* _EXCERPTED RECORDS_:
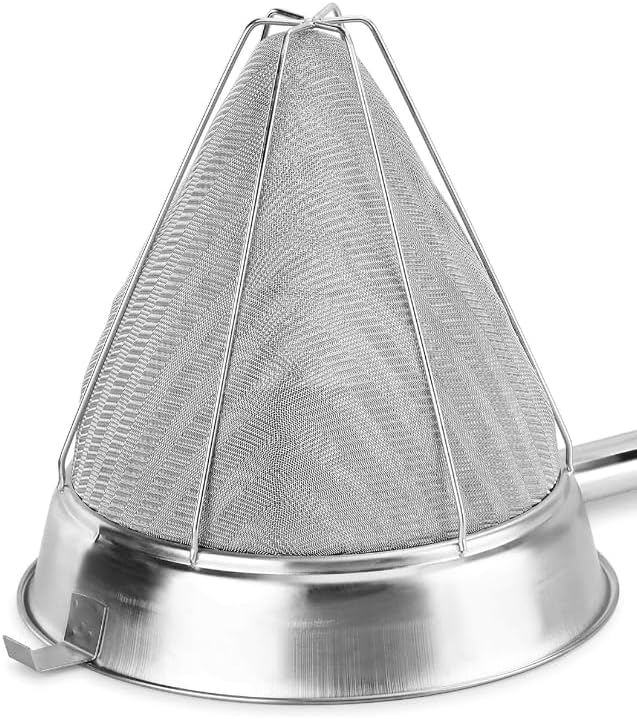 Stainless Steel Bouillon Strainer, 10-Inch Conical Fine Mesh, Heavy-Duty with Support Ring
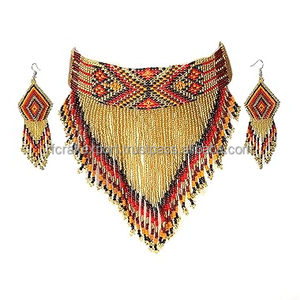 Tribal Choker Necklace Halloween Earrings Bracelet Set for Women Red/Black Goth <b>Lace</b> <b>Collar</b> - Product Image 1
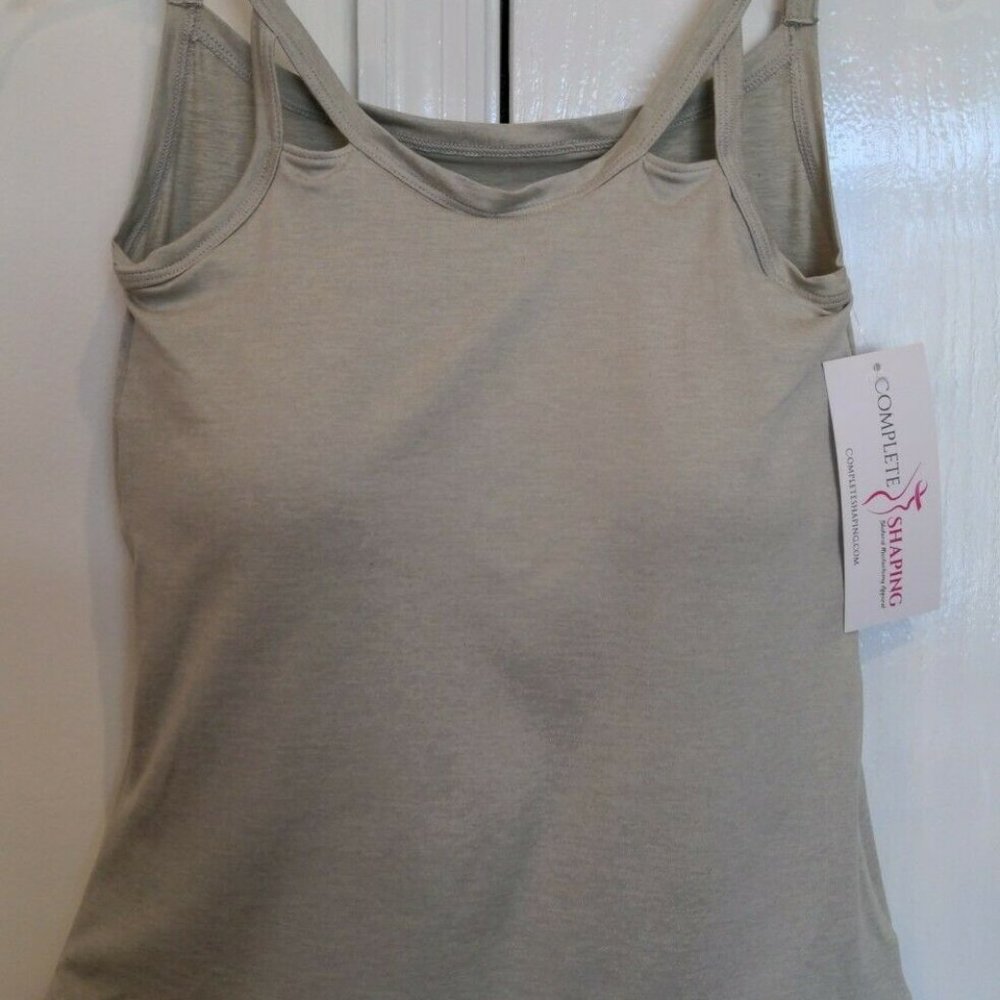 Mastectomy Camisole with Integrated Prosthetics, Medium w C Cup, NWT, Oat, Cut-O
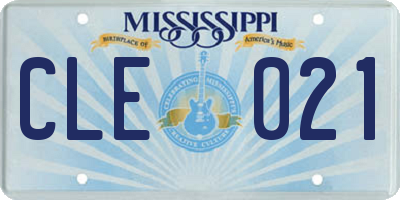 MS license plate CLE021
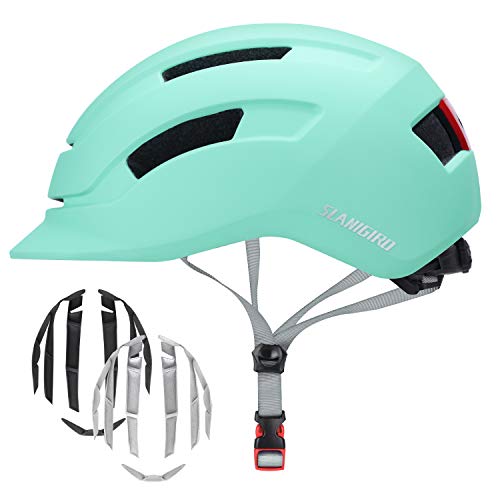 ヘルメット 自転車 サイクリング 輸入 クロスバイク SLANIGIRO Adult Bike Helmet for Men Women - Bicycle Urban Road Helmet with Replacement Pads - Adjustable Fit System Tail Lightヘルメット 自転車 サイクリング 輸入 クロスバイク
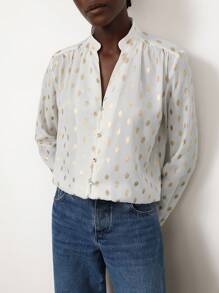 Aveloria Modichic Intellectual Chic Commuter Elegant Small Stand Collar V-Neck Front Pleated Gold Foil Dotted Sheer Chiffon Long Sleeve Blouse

--

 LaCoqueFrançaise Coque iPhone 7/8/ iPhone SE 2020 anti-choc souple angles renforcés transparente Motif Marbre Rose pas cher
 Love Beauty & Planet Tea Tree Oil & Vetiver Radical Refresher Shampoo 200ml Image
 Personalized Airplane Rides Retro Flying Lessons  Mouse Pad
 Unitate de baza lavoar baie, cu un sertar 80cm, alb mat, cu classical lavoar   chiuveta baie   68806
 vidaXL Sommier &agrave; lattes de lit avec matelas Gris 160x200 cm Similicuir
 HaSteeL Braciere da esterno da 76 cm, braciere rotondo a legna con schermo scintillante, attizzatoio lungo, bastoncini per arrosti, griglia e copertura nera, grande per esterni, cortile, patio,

---

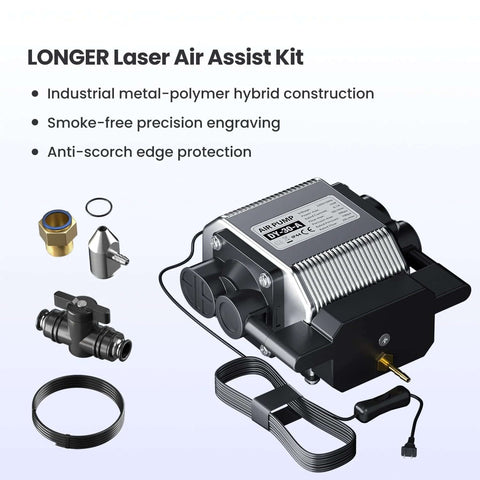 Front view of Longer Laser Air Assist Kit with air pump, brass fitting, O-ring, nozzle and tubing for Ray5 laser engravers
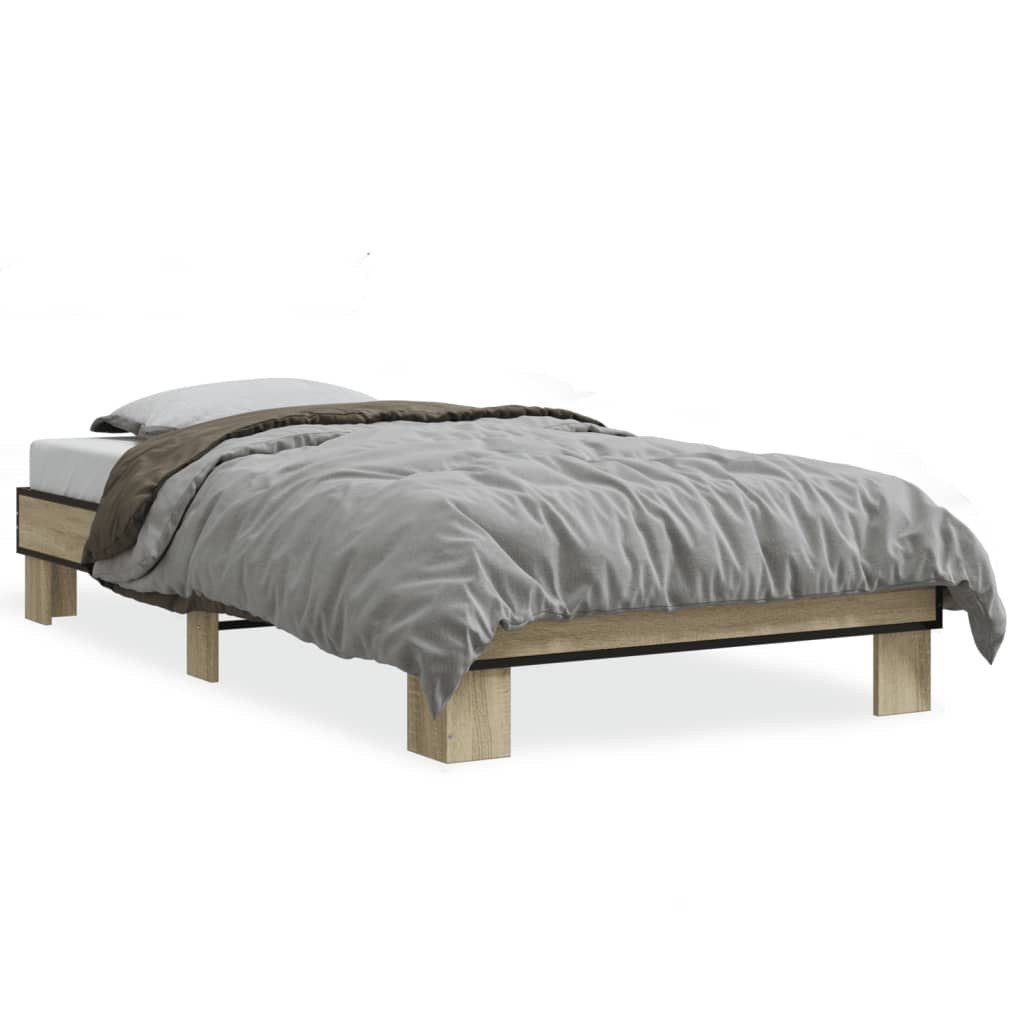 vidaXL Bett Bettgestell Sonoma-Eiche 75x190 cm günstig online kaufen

* _WHAT IS NEEDED_:
Copy out each line of the data above, exactly, if it lies between the line holding "vidaXL Sommier &agrave;" and the line holding "HaSteeL Braciere da", inclusive; copy no other line.

* _EXERCISE RESPONSE_:
 vidaXL Sommier &agrave; lattes de lit avec matelas Gris 160x200 cm Similicuir
 HaSteeL Braciere da esterno da 76 cm, braciere rotondo a legna con schermo scintillante, attizzatoio lungo, bastoncini per arrosti, griglia e copertura nera, grande per esterni, cortile, patio,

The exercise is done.